Watching Film: Transition Defense vs. Denver


Let’s rewind a couple days, way back to when Donovan McNabb hadn’t been traded to a division rival for spare parts and the iPad was still sitting innocently in some Best Buy storeroom. Back to that glorious April 1 when the Blazers summarily annihilated by the Nuggets in Denver, allowing 52 points in the paint and 18 fast-break points.

As you’re about to see, 10 of those transition baskets occurred in the third quarter. The Blazers began that quarter down one and left it down 11. As we’ve discussed, the defense wasn’t nearly what it was the week prior against Dallas — a game which we’ll be using as a loose barometer for the defense required for meaningful postseason success. But upon second viewing, the half-court defense was better than I initially gave it credit for. The rotations were still stilted, but satisfactory to some degree (given the opponent).

Yes, the 52 paint points stick out, but if you remove the 17 Denver points off layups and dunks gained in transition sequences in the following video, that’s just 35 points in the middle. In other words, had the Blazers allowed fewer points off running plays, their overall defensive effort was very manageable — at least before we get into their 41 percent shooting. The following ten plays could not have all been classified as fast-breaks in the box score, but they all represent my definition of transition opportunities.

(Note: The off-center-ness of the video is what happens when you count on coffee to fix morning eyes.)

Assuming by now that you’ve slapped your forehead and thought about screaming the word “TURNOVERS” but didn’t because you’re at work and that’s frowned upon, you clearly would have had a point. The Blazers committed just 11 turnovers in the game, but five of them resulted in the easy buckets you see here, the giveaways ranging from poor ball handling to poor passing to Jerryd Bayless.

Those turnovers represent Portland’s issues in this game in their simplest form. Two more breaks were allowed by missed jumpers, which will happen sometimes especially from the corner three bouncing long. But another two breaks were made possible by missed layups. If you think about that for a second, other than the layup misser, four Blazers should be in position to get back on defense in the event of such a short missed shot. You can still get beat by a good outlet pass, but you can’t consistently be overwhelmed by numbers in those situations.

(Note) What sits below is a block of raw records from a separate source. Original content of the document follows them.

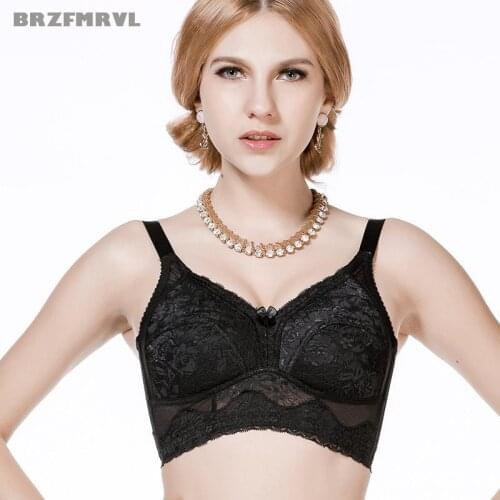 Big size sexy bra big cup Intimates push up bra lady lingerie big women bra 90 95 100 B C D Intimates gather breast big size Bra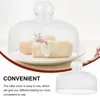 Dinnerware Sets Dome Cover Cake Glass Display Dessert Serving Stand Covers Tent Plate Cheese Clear Lid Protector Mini Case Bell Cloche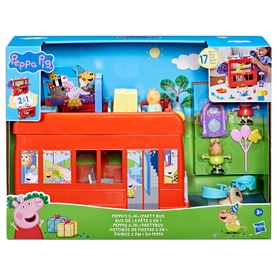 Peppa's Two-In-One Party Bus Playset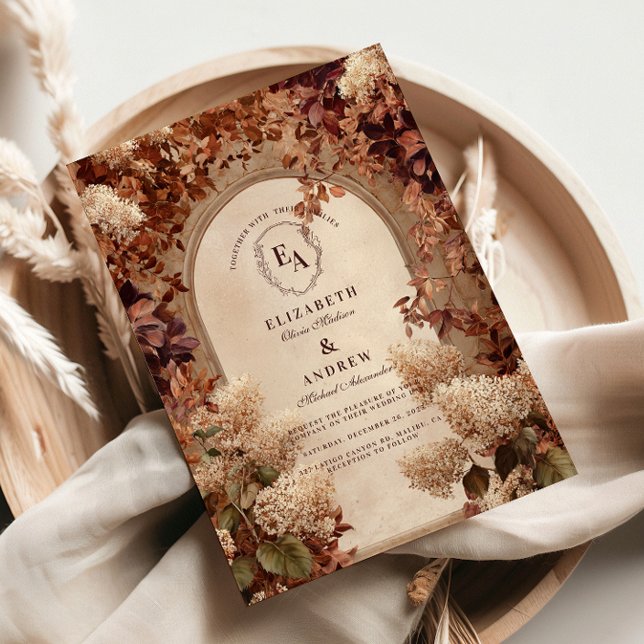 Autumn Garden Archway Wedding Invitation (Creator Uploaded)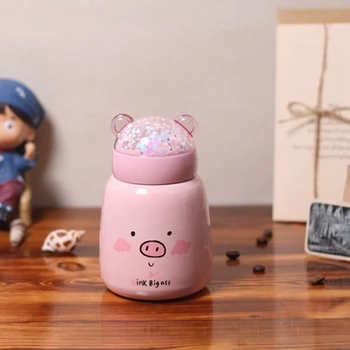 

Stainless Steel Children's Cup Cute Expression Pack Cup Mug Coffee Cup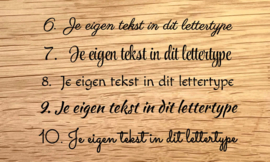 Tekst lettertypes - personaliseer deze gravering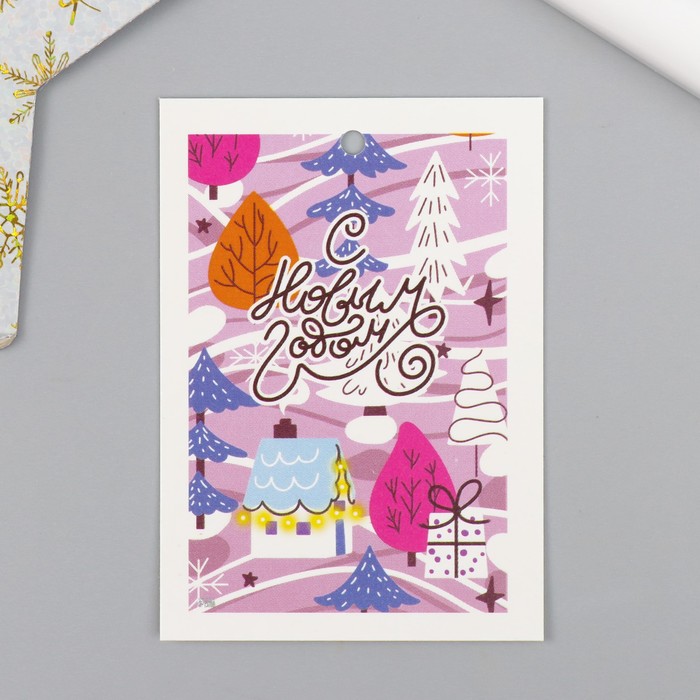 

Бирка картон "Новогоднее настроение" 5х7 см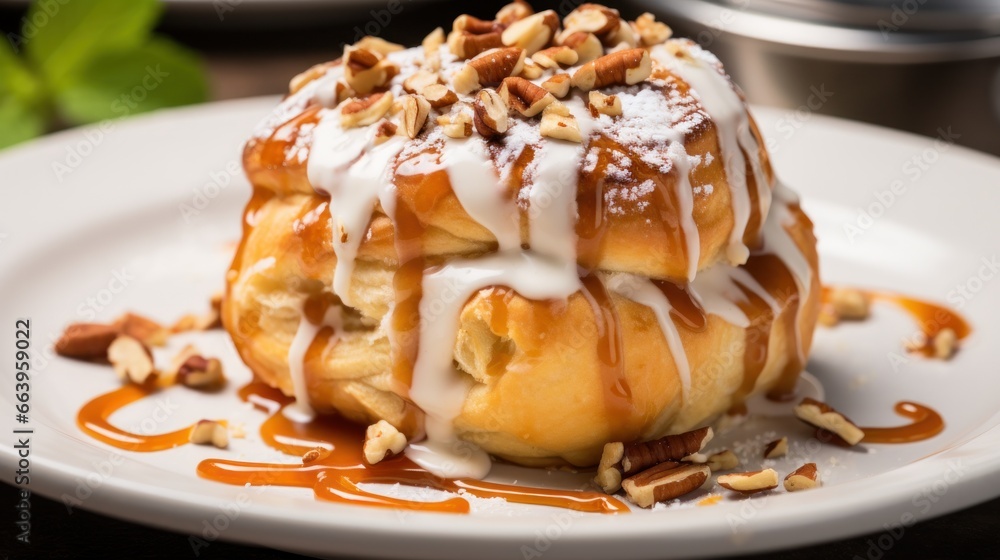 Delicious Homemade Autumn Pastry for Breakfast Delicious Homemade Autumn Pastry for Breakfast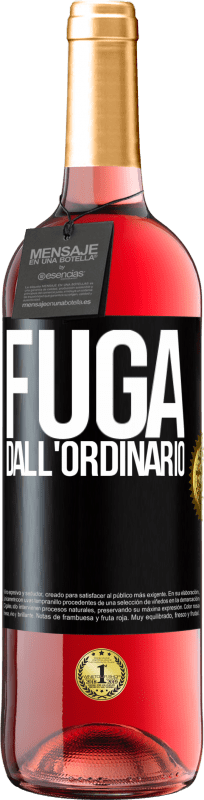 29,95 € Spedizione Gratuita | Vino rosato Edizione ROSÉ Fuga dall'ordinario Etichetta Nera. Etichetta personalizzabile Vino giovane Raccogliere 2024 Tempranillo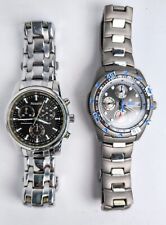 2x Men's Chronograph Sport Quartz Vintage Watch (Accurist, Fila) --Working 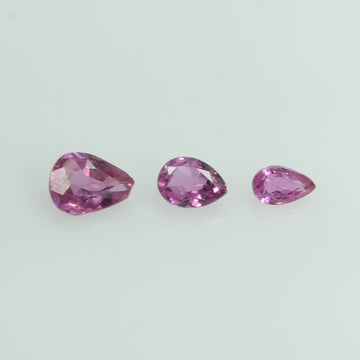 0.79 Cts Natural Ruby Loose Gemstone Pear Cut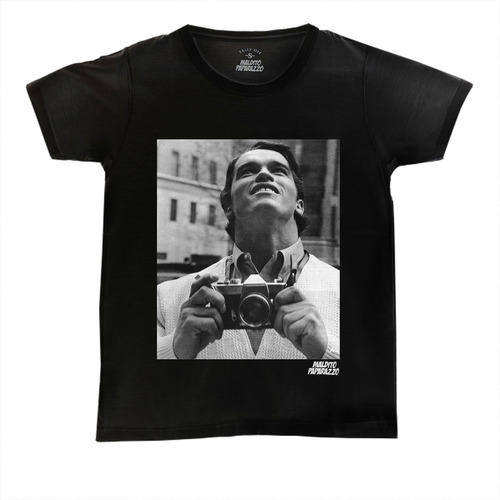 Paparazzo Arnold Terminator- Remera 100% Algodón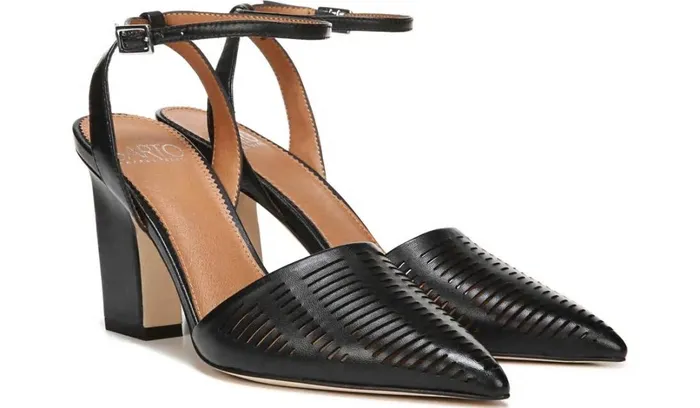 Heels Women Franco Sarto Sarto Starla Pump Black Leather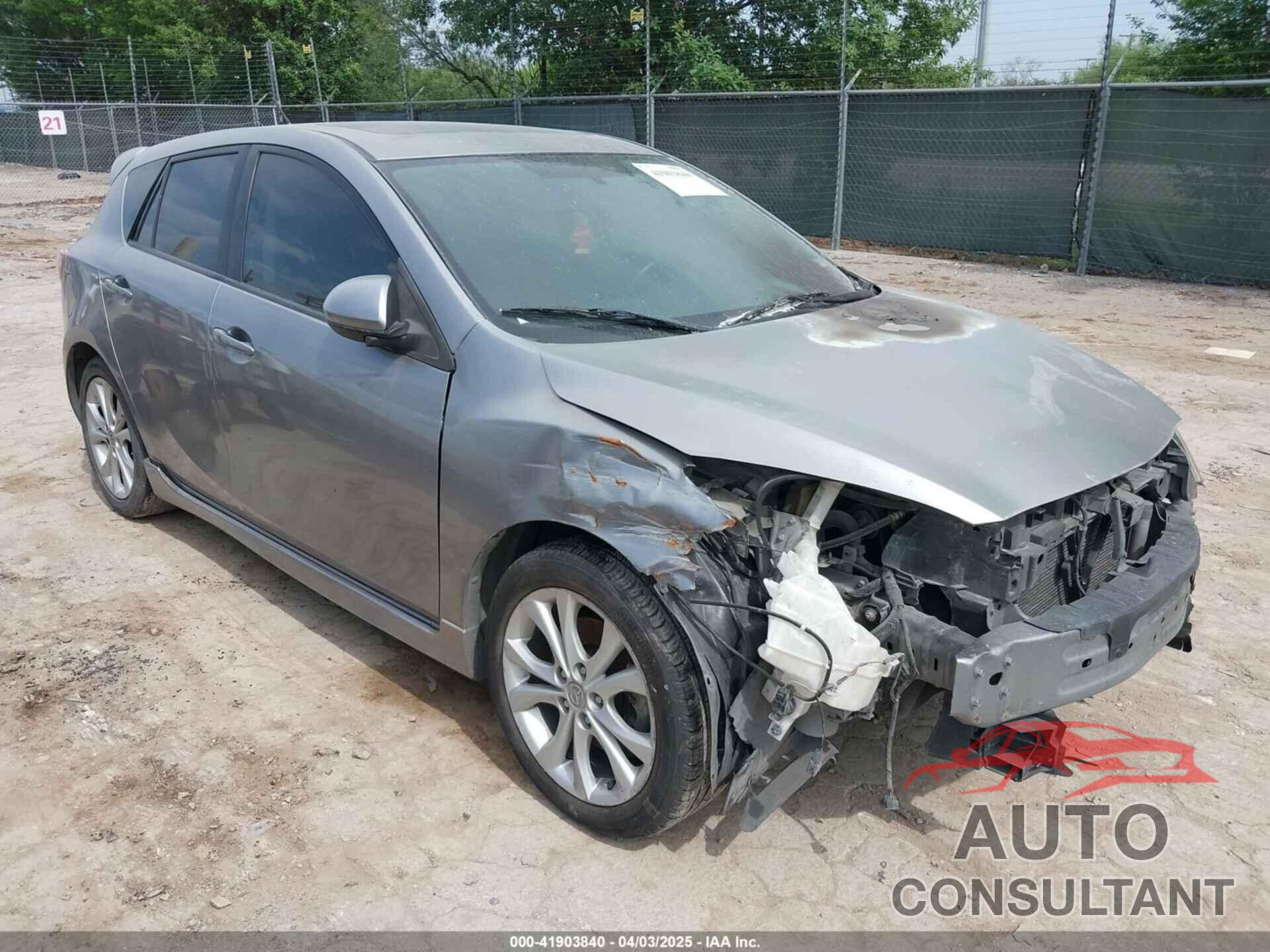 MAZDA MAZDA3 2011 - JM1BL1M52B1470507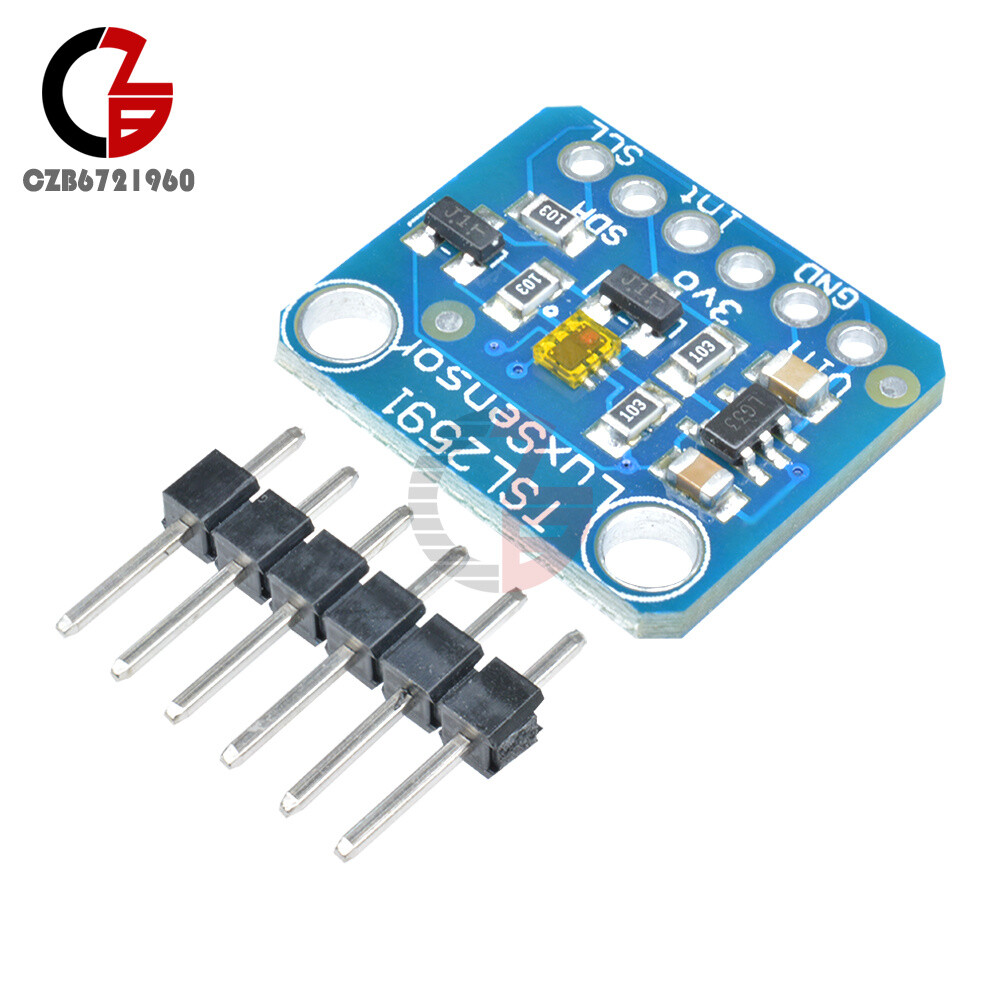 1/5/10X TSL2591 High Dynamic Measuring Range Digital I2C IIC Light Sensor Module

Not that the manner in which Portland handled the fast breaks was appalling. In only three of the plays did the Blazers get beat because of their own poor defensive rotations and recognition. Unfortunately, in three others we can mark at least one Portland player down for not going all out in chasing the play when they had a chance to alter the situation. In all, the Blazers had poor odds — 2-on-1’s or 3-on-1’s — on seven of the breaks, meaning that their actual defense of the plays wasn’t nearly as important in how their offense allowed the break to develop.

On the plus side, we can mark the Blazers down for full-on sprinting back twice, the more notable being Nic Batum (don’t act surprised) missing a corner three and being the only Blazer to sprint back and almost make a play on Carmelo Anthony’s layup.

In the grand scheme of things, are the problems shown in this game going to affect the Blazers in the playoffs? Yes and no. It’s not often that such a high percentage of your turnovers become high probability plays for the other team in the open court. The Blazers manage the second-lowest turnover percentage in the league (.121) with the fourth-highest offensive rebounding percentage (.284), a combination that not many teams are able to pull off and certainly not an indicator of larger problems. But while Portland allows the second fewest fast-break points per game (11.2), five of the Western Conference playoff teams — minus the Lakers and San Antonio — are in the top eleven in transition scoring while being arguably better at running than some of the loosey-goosey teams above them due to better efficiency.

It all boils down to there being plenty of teams that will destroy the Blazers if you are giving up the ball in the backcourt and not sending anyone back on shots. The Blazers are capable of playing better defense, but if their offense is putting the D at a heavy disadvantage 10 possessions a game, then they will need star games from Brandon Roy and LaMarcus Aldridge offensively to make up for it. Against Denver, that didn’t happen.